Nach einer am 11. Oktober 2007 erfolgten Betriebsprüfung erließ die Beklagte den Bescheid vom 30. November 2007, mit dem sie für den Beigeladenen zu 3. für den Zeitraum vom 01. Januar 2004 bis zum 31. Dezember 2006 Beiträge zur gesetzlichen Krankenversicherung, zur sozialen Pflegeversicherung und Umlagen in Höhe von insgesamt 11.319,71 Euro nachforderte. Zur Begründung gab sie an, dass die Klägerin die Frage der Krankenversicherungsfreiheit des Beigeladenen zu 3. im Hinblick auf die in der gesetzlichen Krankenversicherung geltenden Jahresarbeitsentgeltgrenzen für den genannten Zeitraum unzutreffend beurteilt habe. Der Bescheid ging der Klägerin am 03. Dezember 2007 zu.
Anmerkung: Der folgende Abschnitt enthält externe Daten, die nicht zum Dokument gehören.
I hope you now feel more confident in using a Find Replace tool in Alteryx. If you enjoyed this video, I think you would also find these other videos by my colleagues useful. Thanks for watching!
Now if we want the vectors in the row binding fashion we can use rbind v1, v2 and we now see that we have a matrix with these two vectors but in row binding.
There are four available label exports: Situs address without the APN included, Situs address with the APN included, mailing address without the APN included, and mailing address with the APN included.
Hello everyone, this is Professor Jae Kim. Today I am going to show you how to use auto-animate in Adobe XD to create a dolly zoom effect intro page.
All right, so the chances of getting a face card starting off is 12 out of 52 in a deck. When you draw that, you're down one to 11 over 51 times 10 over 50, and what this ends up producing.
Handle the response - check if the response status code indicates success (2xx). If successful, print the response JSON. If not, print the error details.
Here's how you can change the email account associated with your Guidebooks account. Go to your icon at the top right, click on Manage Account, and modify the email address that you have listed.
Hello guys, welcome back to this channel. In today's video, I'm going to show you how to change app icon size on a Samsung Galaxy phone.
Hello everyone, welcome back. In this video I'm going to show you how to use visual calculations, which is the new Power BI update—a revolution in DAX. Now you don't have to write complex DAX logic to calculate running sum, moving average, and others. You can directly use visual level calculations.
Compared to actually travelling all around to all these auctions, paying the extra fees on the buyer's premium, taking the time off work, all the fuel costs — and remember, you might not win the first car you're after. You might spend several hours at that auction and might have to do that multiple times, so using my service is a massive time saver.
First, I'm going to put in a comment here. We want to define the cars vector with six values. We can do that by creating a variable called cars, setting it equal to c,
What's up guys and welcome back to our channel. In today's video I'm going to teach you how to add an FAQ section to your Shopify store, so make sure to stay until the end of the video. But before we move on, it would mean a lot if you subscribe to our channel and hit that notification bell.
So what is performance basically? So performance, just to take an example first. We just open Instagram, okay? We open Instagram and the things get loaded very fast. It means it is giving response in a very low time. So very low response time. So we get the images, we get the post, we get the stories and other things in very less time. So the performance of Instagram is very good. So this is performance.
Einen gegen diesen Bescheid am 23. Januar 2008 eingelegten Widerspruch wertete die Beklagte - im Einverständnis mit der Klägerin - als Überprüfungsantrag nach § 44 des Zehnten Buches Sozialgesetzbuch - Sozialverwaltungsverfahren und Sozialdatenschutz (SGB X). Zur Begründung gab die Klägerin an, dass sich der Beigeladene zu 3. im streitbefangenen Zeitraum privat krankenversichert habe. Die nachträgliche Beitragsforderung verstoße auch gegen das Äquivalenzprinzip. Diesen Antrag lehnte die Beklagte mit Bescheid vom 30. April 2008 ab. Bei Erlass des Bescheides vom 30. November 2007 sei weder das Recht unrichtig angewandt noch von einem unrichtigen Sachverhalt ausgegangen worden. Der Beigeladene zu 3. sei in der Zeit vom 01. Januar 2004 bis zum 31. Dezember 2006 pflichtversichert in der gesetzlichen Krankenversicherung und der sozialen Pflegeversicherung gewesen, da sein regelmäßiges Arbeitsentgelt unterhalb der Jahresentgeltgrenze gelegen habe. Auf einen Verstoß gegen das Äquivalenzprinzip berufe sich die Klägerin zu Unrecht. Den dagegen am 26. Mai 2008 eingelegten Widerspruch wies die Beklagte mit Widerspruchsbescheid vom 21. August 2008 zurück.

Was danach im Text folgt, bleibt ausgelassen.